◆ TASK GOAL
Return all the data verbatim but without images.

◆ SOURCE DATA
════════
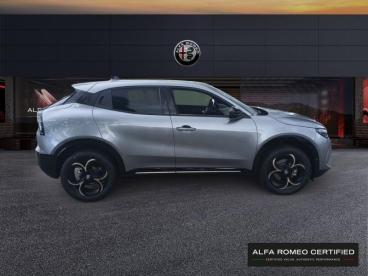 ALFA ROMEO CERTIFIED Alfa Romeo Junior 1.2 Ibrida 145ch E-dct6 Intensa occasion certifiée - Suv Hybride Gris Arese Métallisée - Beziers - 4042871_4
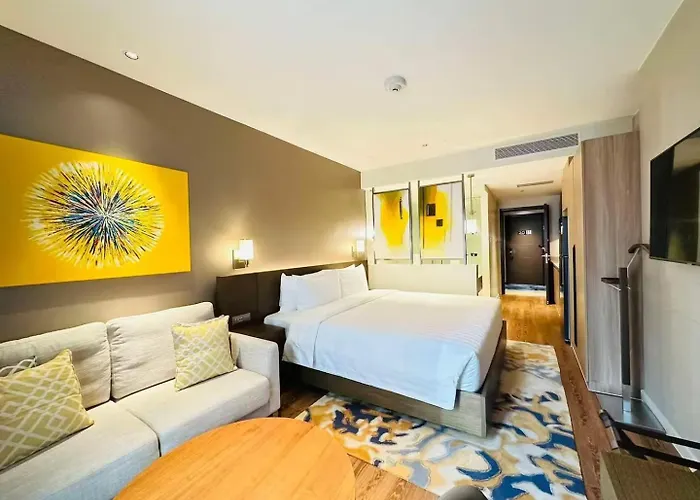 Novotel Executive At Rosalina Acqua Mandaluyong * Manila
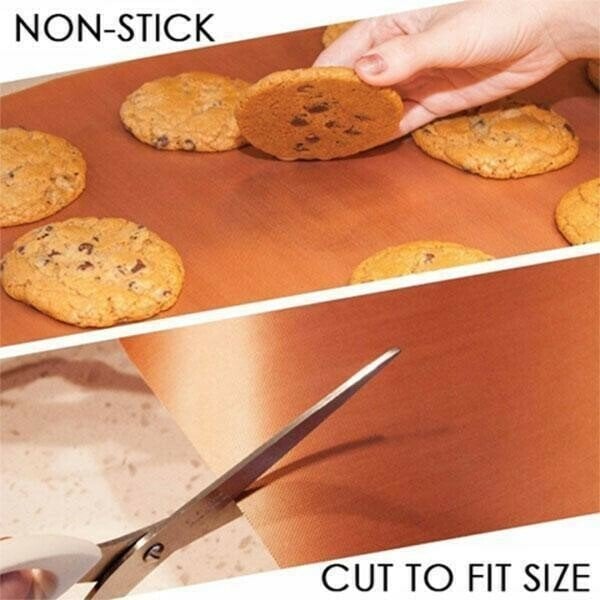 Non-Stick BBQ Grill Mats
════════
◆ OUTPUT
 ALFA ROMEO CERTIFIED Alfa Romeo Junior 1.2 Ibrida 145ch E-dct6 Intensa occasion certifiée - Suv Hybride Gris Arese Métallisée - Beziers - 4042871_4
 Novotel Executive At Rosalina Acqua Mandaluyong * Manila
 Non-Stick BBQ Grill Mats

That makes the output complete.